▶ Aim of the task
Repeat the stretch of entries below from the line with "Equine Standing CT: Diagnosing" through the line with "Pagoda Snail (Brotia". Include both ends and add nothing.

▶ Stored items
=== Section Start ===

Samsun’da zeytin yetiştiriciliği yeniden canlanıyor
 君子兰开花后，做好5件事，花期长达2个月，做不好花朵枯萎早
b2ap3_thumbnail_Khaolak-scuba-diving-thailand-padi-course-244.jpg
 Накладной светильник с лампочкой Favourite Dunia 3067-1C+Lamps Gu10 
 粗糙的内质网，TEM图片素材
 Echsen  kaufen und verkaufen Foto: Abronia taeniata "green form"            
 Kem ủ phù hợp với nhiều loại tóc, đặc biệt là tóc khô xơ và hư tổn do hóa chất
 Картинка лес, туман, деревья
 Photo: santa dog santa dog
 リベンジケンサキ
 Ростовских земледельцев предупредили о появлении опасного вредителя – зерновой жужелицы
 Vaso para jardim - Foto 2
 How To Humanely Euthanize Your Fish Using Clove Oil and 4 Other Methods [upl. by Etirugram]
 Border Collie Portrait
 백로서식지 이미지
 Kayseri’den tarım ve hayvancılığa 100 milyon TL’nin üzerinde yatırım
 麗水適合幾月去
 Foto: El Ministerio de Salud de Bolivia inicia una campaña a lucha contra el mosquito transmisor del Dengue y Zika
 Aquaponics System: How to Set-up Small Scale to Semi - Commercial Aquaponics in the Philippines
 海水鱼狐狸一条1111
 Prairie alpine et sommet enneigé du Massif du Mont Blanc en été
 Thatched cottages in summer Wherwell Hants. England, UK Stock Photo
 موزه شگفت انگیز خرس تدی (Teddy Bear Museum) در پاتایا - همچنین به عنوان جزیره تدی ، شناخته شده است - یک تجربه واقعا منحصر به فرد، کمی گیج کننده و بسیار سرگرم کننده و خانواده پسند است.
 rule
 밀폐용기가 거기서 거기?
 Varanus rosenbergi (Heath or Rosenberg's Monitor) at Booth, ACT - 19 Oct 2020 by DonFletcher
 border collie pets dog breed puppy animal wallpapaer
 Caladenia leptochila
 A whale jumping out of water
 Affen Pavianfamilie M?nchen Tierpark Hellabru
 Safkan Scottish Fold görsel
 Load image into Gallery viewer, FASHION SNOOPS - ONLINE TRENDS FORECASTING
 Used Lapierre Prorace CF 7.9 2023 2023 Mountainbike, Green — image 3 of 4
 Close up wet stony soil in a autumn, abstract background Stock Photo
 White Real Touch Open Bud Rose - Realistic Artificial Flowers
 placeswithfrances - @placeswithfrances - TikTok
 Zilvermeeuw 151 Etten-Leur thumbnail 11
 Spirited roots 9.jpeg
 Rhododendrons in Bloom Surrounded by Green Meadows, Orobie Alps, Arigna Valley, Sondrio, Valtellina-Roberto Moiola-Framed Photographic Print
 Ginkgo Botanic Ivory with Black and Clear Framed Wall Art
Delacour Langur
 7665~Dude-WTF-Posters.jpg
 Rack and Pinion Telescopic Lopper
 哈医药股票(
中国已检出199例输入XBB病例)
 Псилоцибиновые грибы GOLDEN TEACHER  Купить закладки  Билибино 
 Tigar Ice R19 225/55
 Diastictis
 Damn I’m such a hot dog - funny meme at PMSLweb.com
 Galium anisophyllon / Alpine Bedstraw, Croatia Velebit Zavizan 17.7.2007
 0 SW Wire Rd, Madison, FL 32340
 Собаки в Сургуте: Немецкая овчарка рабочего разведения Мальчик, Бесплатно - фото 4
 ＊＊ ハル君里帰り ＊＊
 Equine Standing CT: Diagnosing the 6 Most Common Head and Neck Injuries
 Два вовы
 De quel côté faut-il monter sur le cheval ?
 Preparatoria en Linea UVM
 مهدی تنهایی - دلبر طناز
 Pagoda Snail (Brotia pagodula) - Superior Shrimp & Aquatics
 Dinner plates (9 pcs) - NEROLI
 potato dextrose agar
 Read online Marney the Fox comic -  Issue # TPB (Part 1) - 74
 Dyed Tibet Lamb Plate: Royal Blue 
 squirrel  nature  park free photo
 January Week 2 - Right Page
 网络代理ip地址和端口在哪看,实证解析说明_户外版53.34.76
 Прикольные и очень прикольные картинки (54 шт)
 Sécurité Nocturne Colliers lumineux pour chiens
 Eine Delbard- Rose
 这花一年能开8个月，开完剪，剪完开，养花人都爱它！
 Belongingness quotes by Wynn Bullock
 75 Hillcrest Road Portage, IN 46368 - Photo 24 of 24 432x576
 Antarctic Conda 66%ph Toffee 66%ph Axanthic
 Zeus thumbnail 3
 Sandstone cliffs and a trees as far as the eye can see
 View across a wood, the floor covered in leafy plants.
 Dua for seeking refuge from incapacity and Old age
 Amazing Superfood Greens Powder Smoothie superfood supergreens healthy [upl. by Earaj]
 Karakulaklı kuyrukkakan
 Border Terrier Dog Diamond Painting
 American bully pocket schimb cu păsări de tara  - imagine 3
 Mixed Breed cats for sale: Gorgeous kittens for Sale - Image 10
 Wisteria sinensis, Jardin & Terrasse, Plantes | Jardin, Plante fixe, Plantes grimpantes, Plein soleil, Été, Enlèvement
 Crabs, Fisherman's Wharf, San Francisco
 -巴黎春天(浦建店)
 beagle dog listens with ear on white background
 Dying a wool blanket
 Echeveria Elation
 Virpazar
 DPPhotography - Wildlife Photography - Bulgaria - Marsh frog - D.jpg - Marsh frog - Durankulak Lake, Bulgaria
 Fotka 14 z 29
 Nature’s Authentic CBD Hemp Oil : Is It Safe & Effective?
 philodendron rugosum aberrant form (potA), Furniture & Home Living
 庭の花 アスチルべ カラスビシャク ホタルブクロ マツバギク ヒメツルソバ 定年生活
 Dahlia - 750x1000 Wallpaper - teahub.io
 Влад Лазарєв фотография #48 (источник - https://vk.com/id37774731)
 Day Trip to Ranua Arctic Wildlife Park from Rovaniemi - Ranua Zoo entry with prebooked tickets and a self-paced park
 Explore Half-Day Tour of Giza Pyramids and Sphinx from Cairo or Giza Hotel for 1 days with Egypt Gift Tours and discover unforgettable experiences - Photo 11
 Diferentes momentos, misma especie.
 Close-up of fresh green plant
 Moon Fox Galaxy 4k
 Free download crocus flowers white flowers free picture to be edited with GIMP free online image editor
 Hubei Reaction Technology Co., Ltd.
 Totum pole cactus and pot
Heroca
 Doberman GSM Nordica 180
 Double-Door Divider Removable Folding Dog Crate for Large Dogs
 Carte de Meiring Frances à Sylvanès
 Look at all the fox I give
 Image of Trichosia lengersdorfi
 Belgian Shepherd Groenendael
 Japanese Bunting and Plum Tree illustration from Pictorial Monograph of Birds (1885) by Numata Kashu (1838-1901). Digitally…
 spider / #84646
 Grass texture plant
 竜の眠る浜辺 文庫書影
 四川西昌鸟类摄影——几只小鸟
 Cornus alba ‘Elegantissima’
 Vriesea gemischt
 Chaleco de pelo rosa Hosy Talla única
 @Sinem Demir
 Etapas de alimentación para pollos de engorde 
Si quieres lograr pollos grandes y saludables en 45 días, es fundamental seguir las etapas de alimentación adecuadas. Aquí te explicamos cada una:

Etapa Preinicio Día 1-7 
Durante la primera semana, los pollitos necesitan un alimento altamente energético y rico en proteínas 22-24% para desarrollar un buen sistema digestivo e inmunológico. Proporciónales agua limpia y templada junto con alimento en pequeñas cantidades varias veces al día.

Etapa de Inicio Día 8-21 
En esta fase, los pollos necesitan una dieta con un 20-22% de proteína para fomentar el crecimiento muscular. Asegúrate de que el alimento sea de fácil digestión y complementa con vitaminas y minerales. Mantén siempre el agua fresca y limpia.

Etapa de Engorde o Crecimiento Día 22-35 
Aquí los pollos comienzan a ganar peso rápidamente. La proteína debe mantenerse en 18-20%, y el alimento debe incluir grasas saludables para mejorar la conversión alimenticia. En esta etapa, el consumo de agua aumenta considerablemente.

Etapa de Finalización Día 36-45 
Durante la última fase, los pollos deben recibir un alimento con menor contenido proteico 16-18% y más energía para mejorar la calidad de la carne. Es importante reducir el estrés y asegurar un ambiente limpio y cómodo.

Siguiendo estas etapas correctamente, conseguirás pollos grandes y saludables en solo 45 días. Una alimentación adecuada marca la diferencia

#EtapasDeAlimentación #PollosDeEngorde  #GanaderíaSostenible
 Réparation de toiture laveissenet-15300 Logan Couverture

=== Section End ===

▶ Task solution
 Equine Standing CT: Diagnosing the 6 Most Common Head and Neck Injuries
 Два вовы
 De quel côté faut-il monter sur le cheval ?
 Preparatoria en Linea UVM
 مهدی تنهایی - دلبر طناز
 Pagoda Snail (Brotia pagodula) - Superior Shrimp & Aquatics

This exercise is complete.